At a hearing before U.S. District Judge Denise Casper on Aug. 2, Bulger said his decision not to take the stand was made “involuntarily” because he had been “choked off from having an opportunity to give an adequate defense.” Carney said at the start of the trial that his client would testify.

“As far as I’m concerned I didn’t get a fair trial and this is a sham,” Bulger said. “Do what you want with me.”

Bulger’s crimes raised questions about the extent to which federal agents wrongfully protected Bulger from local and state authorities for years before he disappeared, letting him kill and steal in exchange for tips about a bigger FBI target that he was associated with, the Patriarca Family organized crime group.

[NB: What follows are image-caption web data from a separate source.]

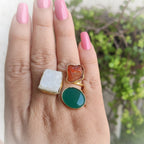 Mixed stones trio open finger ring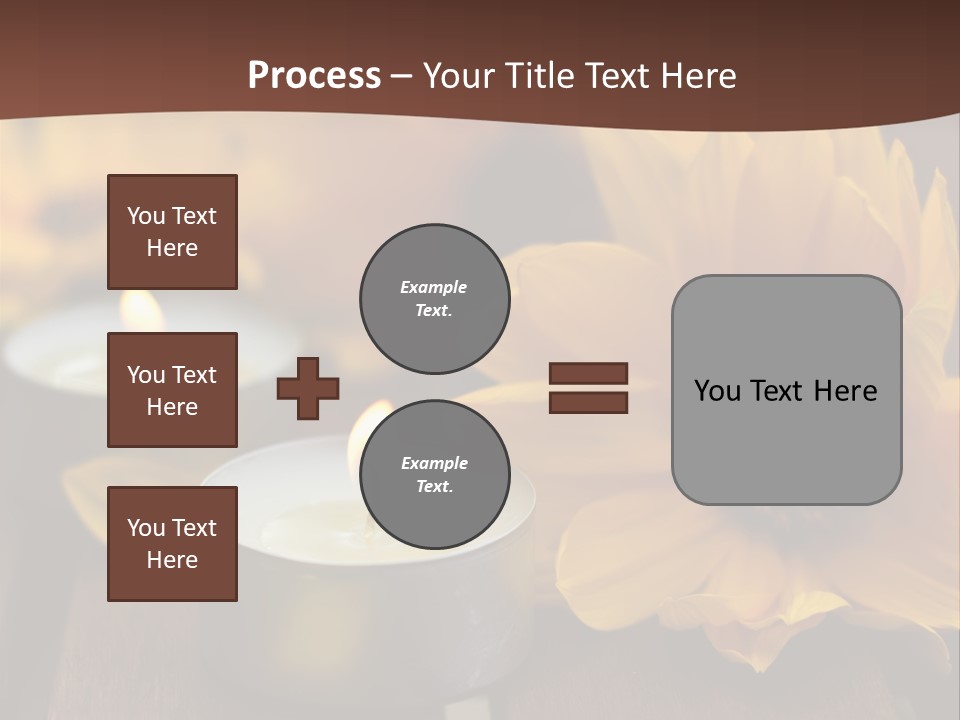 Three Candles With Yellow Flowers On A Wooden Table PowerPoint Template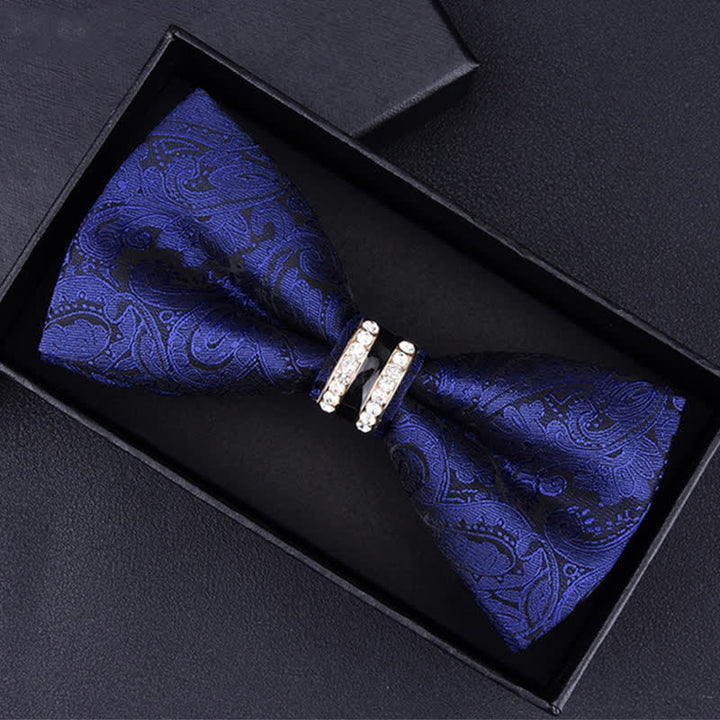 Papillon da uomo con motivo floreale Paisley a righe e strass - Paisley blu navy - image 4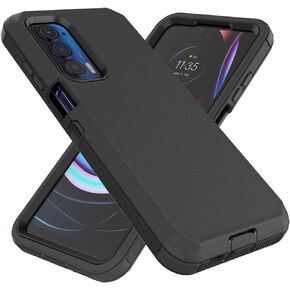 for Motorola Moto Edge 2021 Case, Moto Edge 5G UW Case, Heavy Duty Defender Case Dustproof Shockproof Protection 3 in 1 Rugged Phone Cover for Moto Edge 5G UW/Moto Edge 2021 (Black)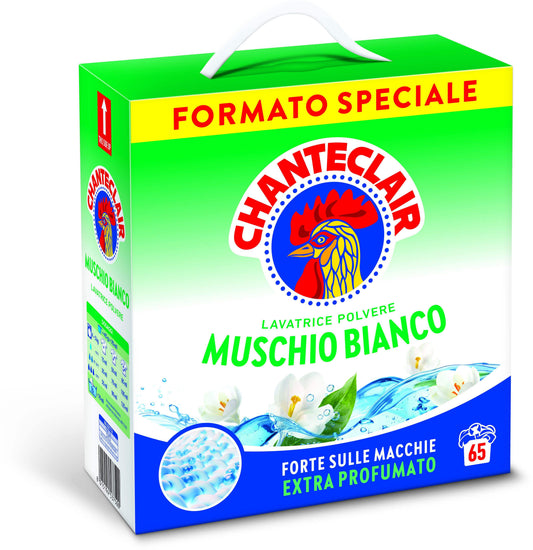 CHANTECLAIR LAVATRICE POLVERE 2,925KG 65 LAVAGGI MUSCHIO BIANCO FORTE SULLE MACCHIE EXTRA PROFUMATO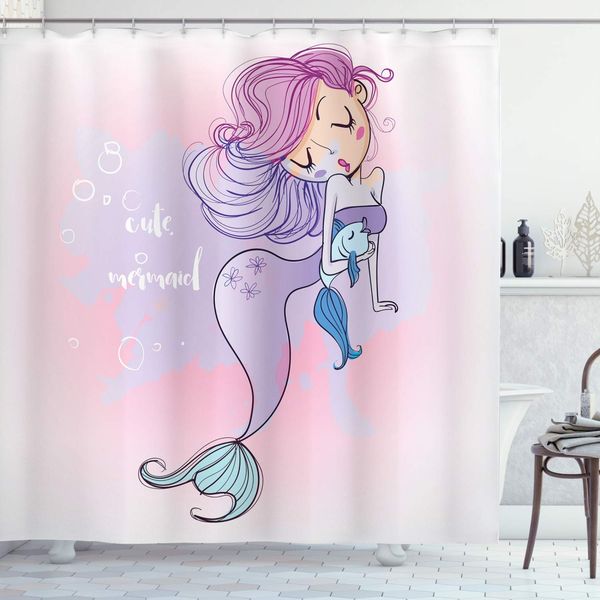 underwater shower curtain, cartoon illustration with lettering mermaid smiling glamour beauty print, cloth fabric bathroom decor
underwater shower curtain, cartoon illustration with lettering mermaid smiling glamour beauty print, cloth fabric bathroom decor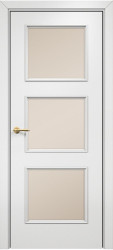 Межкомнатная дверь Турин Остекленная (Эмаль белая МДФ/Сатинат бронза) фабрики Оникс
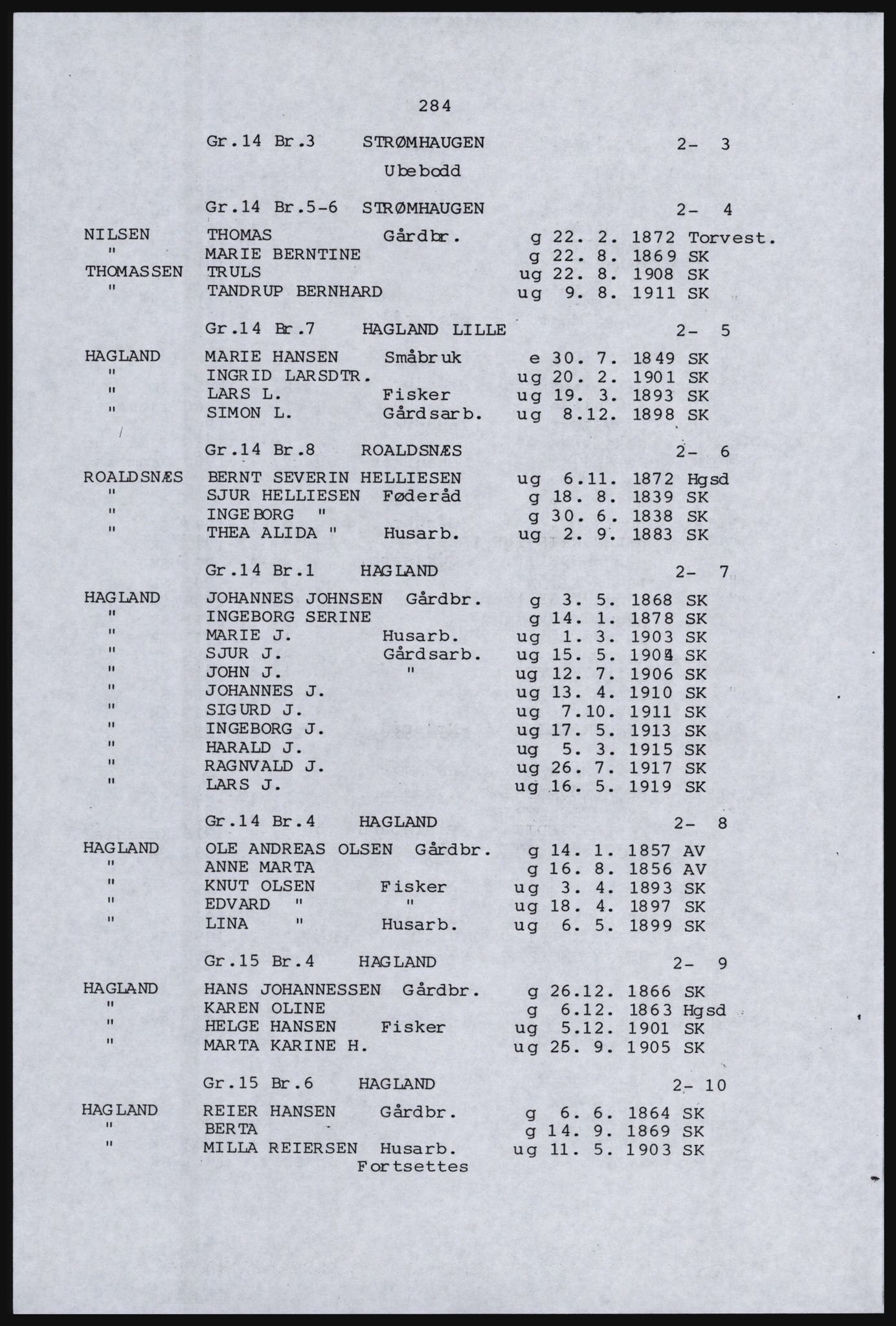 SAST, Copy of 1920 census for the Northern Rogaland, 1920, p. 308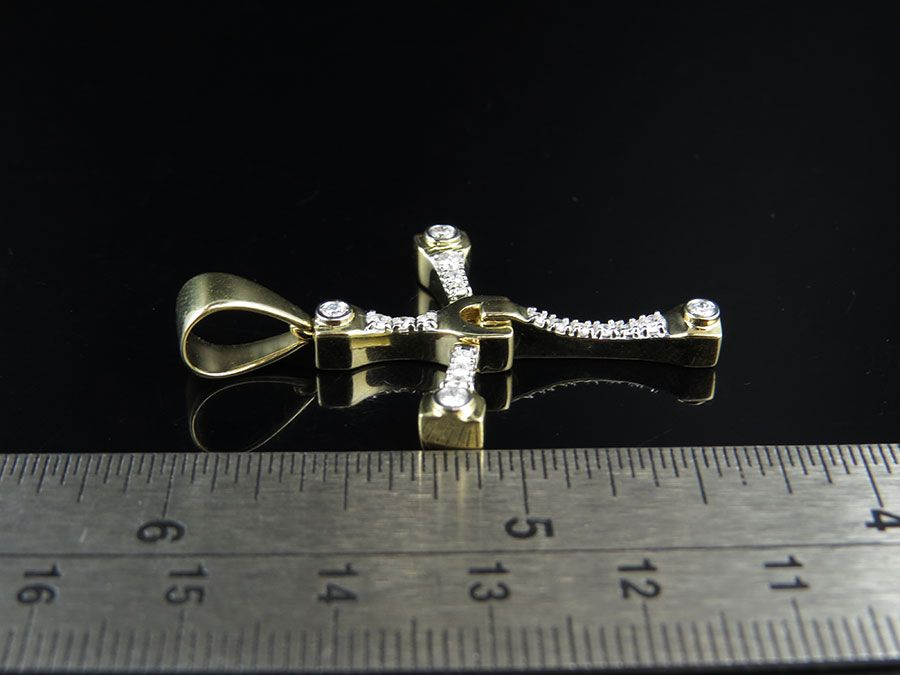 10K 1.6 Inch Lab Grown Diamond Designer Cross Charm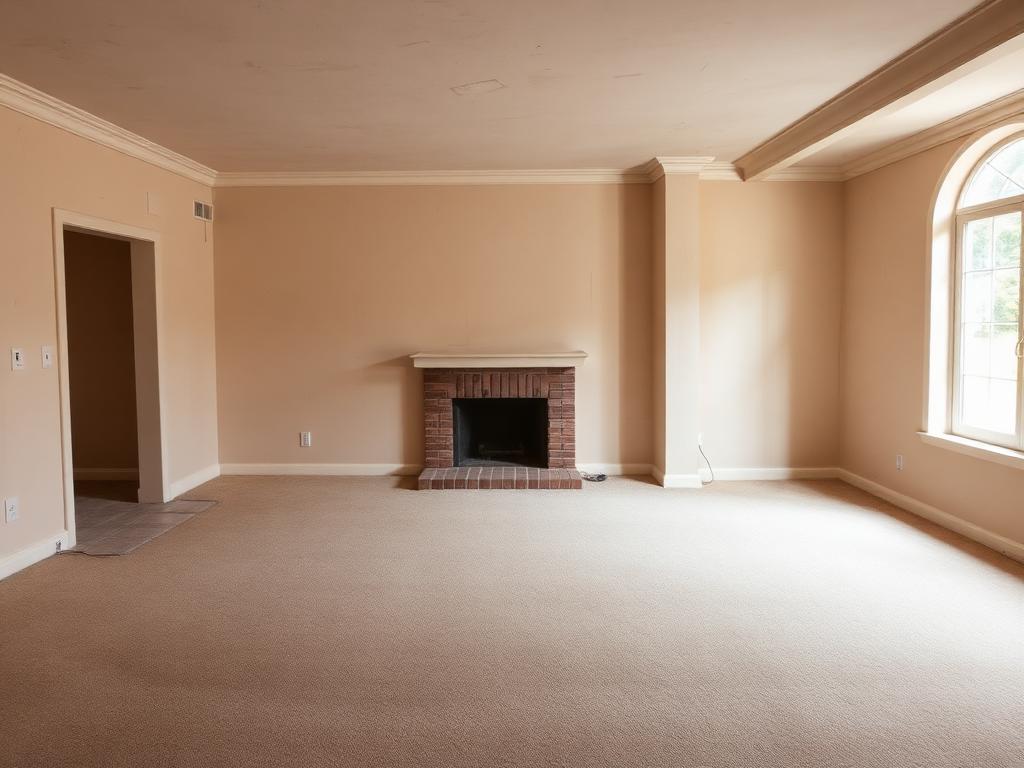 Bellaire living room — walls, ceiling & trim before painting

The relationship came to an end when Bulger vanished in 1994, tipped off about impending charges. The warning came from his longtime FBI handler, Special Agent John Connolly, who’s now serving 50 years in prison for crimes linked to Bulger, including murder.

John Morris, Connolly’s supervisor at the agency, was also implicated. He got immunity from prosecution by admitting he accepted cash from Bulger in exchange for protecting him. Morris testified against Connolly and was a witness against Bulger.

Special Prosecutor

In 1999, then-Attorney General Janet Reno appointed Special Prosecutor John Durham to investigate wrongdoing involving the FBI’s ties with Bulger. While the probe led to Connolly’s conviction, the Justice Department never made the report public.

Brennan told jurors they could use their verdict to punish the government for the FBI’s dealings with criminals.

“At what point as citizens do we say, ‘You know what? There has to be accountability,’” Brennan said.

Wyshak, the prosecutor, said the defense team was wrong to make the trial about government corruption.

“They’re asking you to send some message about how the big bad government needs to learn a lesson from this case,” Wyshak said to the jury. “That would be a violation of your oath.”

The case is U.S. v. Weeks, 99-cr-10371, U.S. District Court, District of Massachusetts (Boston).